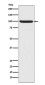 Phospho-NRF2 (Ser40) Rabbit mAb ABZ4356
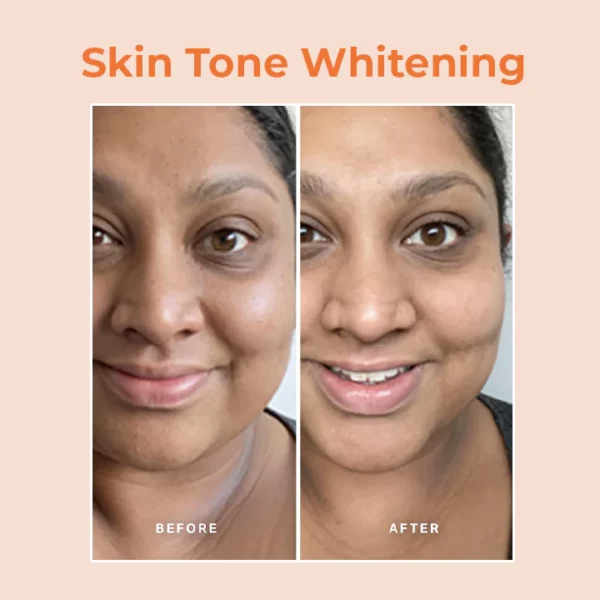 Skinetic™ Papaya Whitening Tiefenpeeling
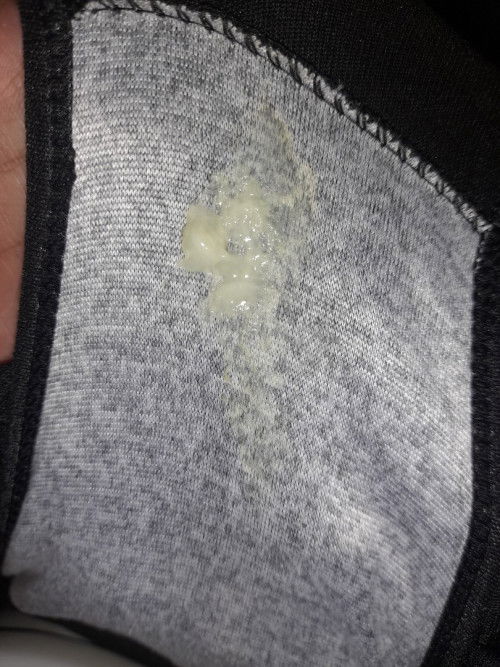 ตกขาวขณะตั้งครรภ์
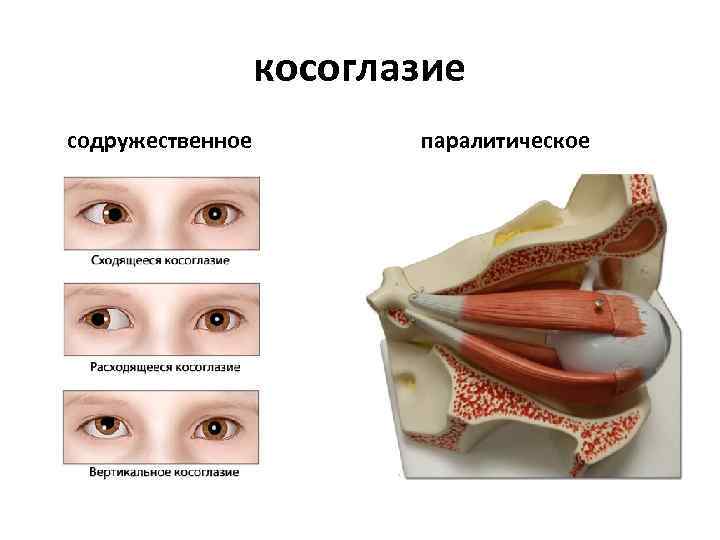 косоглазие содружественное паралитическое 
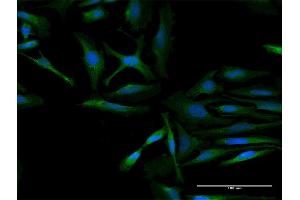 Immunofluorescence of purified MaxPab antibody to RARS2 on HeLa cell. (RARS2 antibody  (AA 1-578))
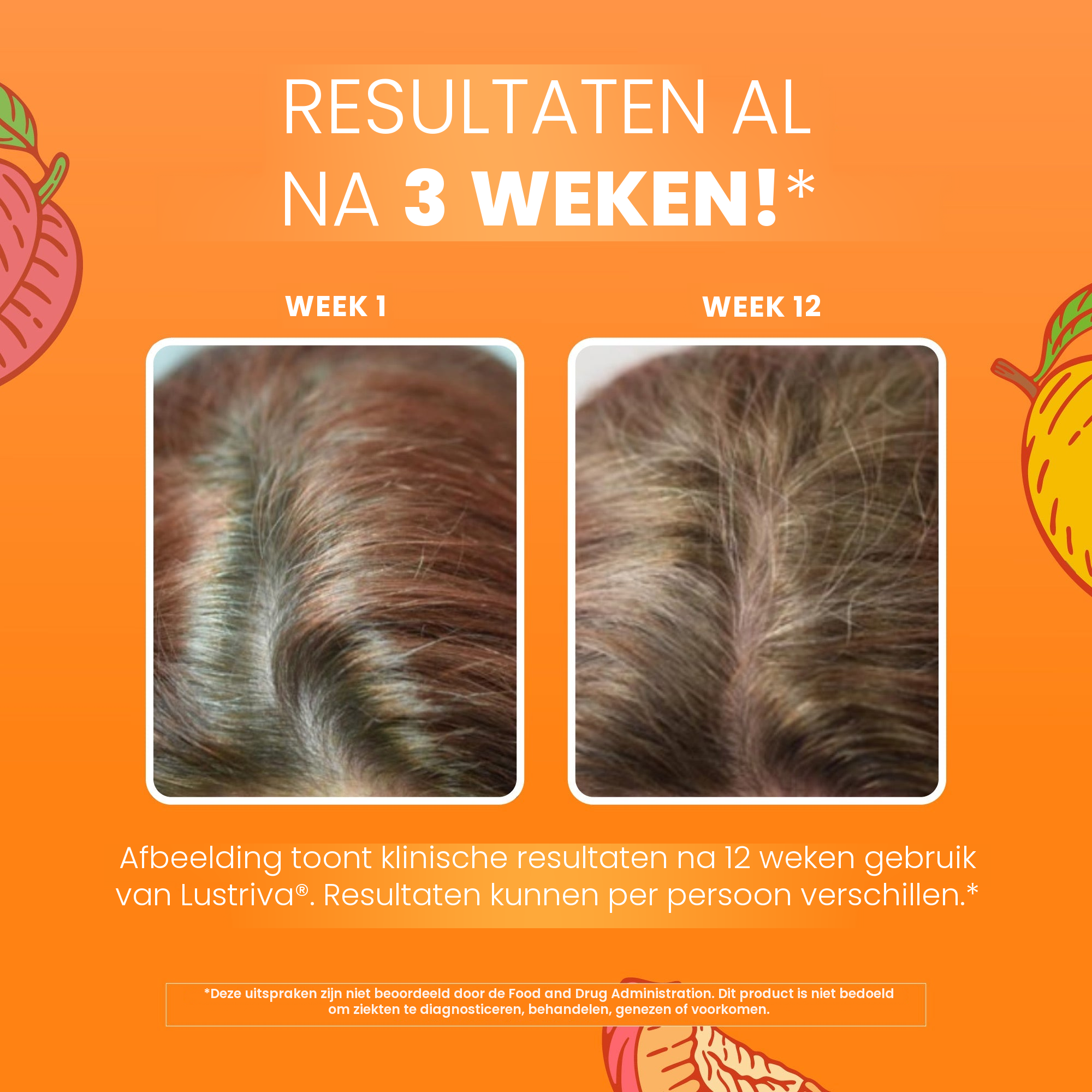 Klinisch beeldmateriaal van MaryRuth Organics voor Lustriva: haar in week 1 naast week 12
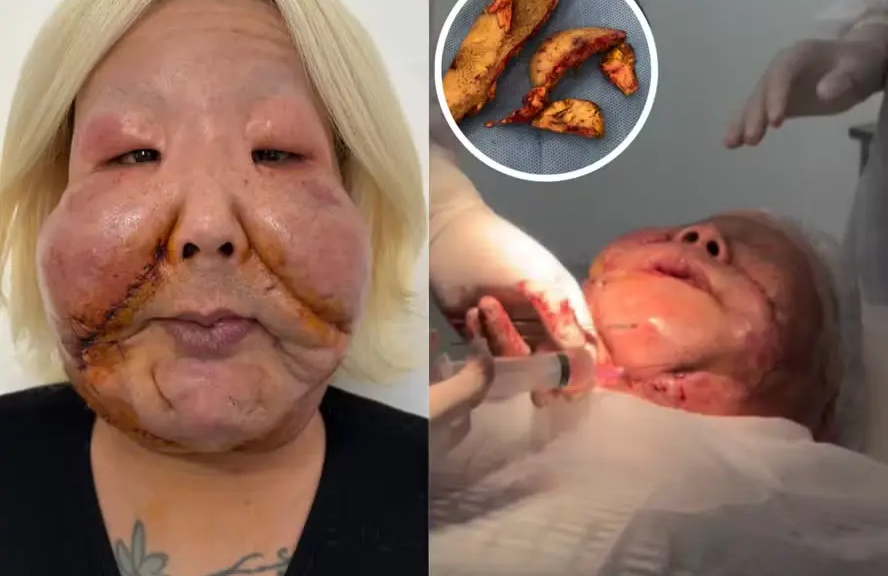 Médico divulga detalhes da segunda cirurgia para retirada de óleo mineral do rosto de Juju do Pix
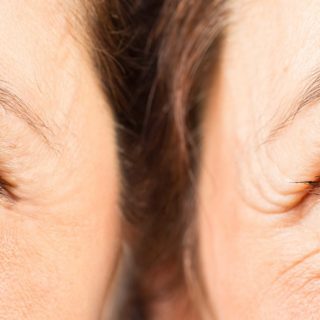 Qual è il miglior periodo dell’anno per sottoporsi a un intervento agli occhi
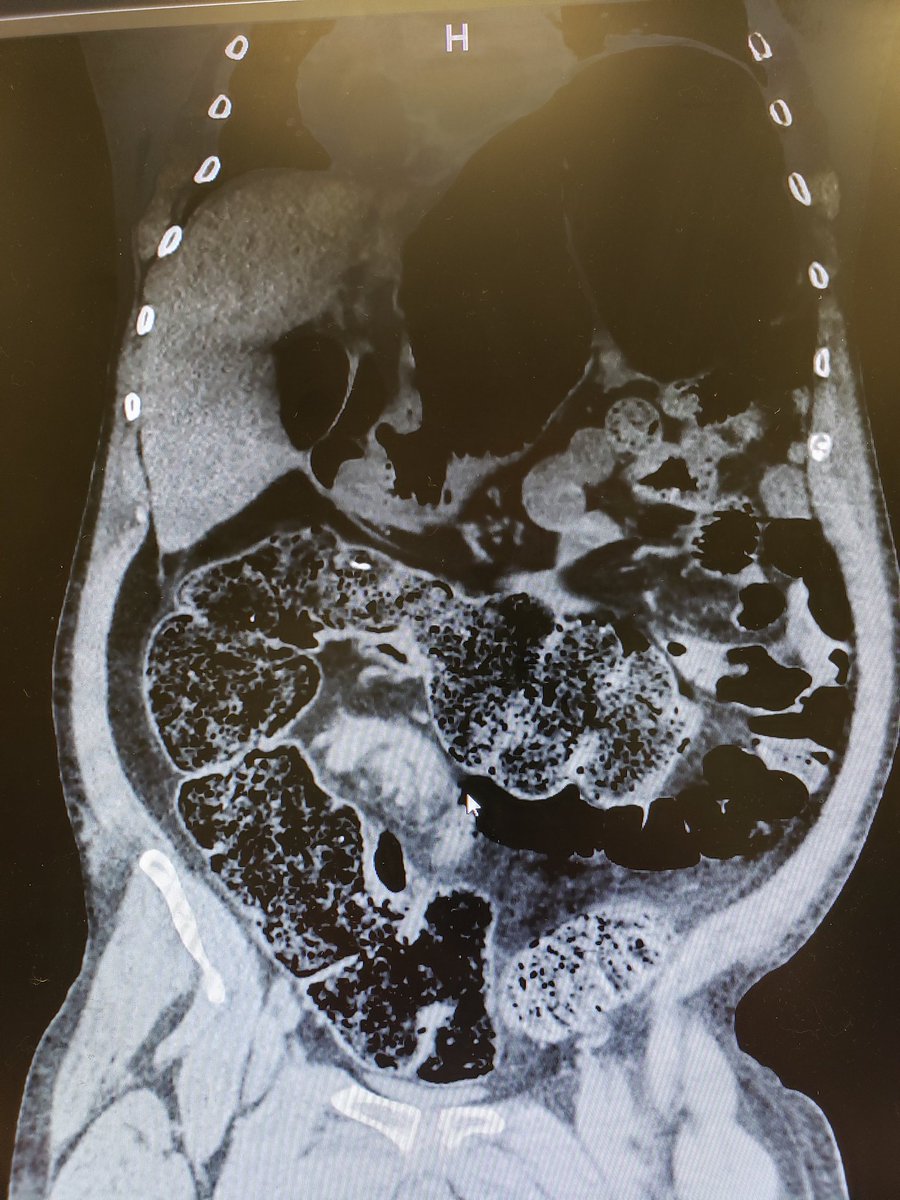 GIDrDon's tweet photo. Sigmoid volvulus....emergent endoscopic decompression is the treatment of choice before definitive surgical therapy. #volvulus #endoscopicdecompression #giemergency #MedEd https://t.co/75iVjr46NI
★ ★ ★
_PROMPT_
Begin with the line containing "ตกขาวขณะตั้งครรภ์" and end with the last line of the material above; return exactly those lines, both ends included, and omit all pictures.

_ANSWER BELOW_
 ตกขาวขณะตั้งครรภ์
 косоглазие содружественное паралитическое 
 Immunofluorescence of purified MaxPab antibody to RARS2 on HeLa cell. (RARS2 antibody  (AA 1-578))
 Klinisch beeldmateriaal van MaryRuth Organics voor Lustriva: haar in week 1 naast week 12
 Médico divulga detalhes da segunda cirurgia para retirada de óleo mineral do rosto de Juju do Pix
 Qual è il miglior periodo dell’anno per sottoporsi a un intervento agli occhi
 GIDrDon's tweet photo. Sigmoid volvulus....emergent endoscopic decompression is the treatment of choice before definitive surgical therapy. #volvulus #endoscopicdecompression #giemergency #MedEd https://t.co/75iVjr46NI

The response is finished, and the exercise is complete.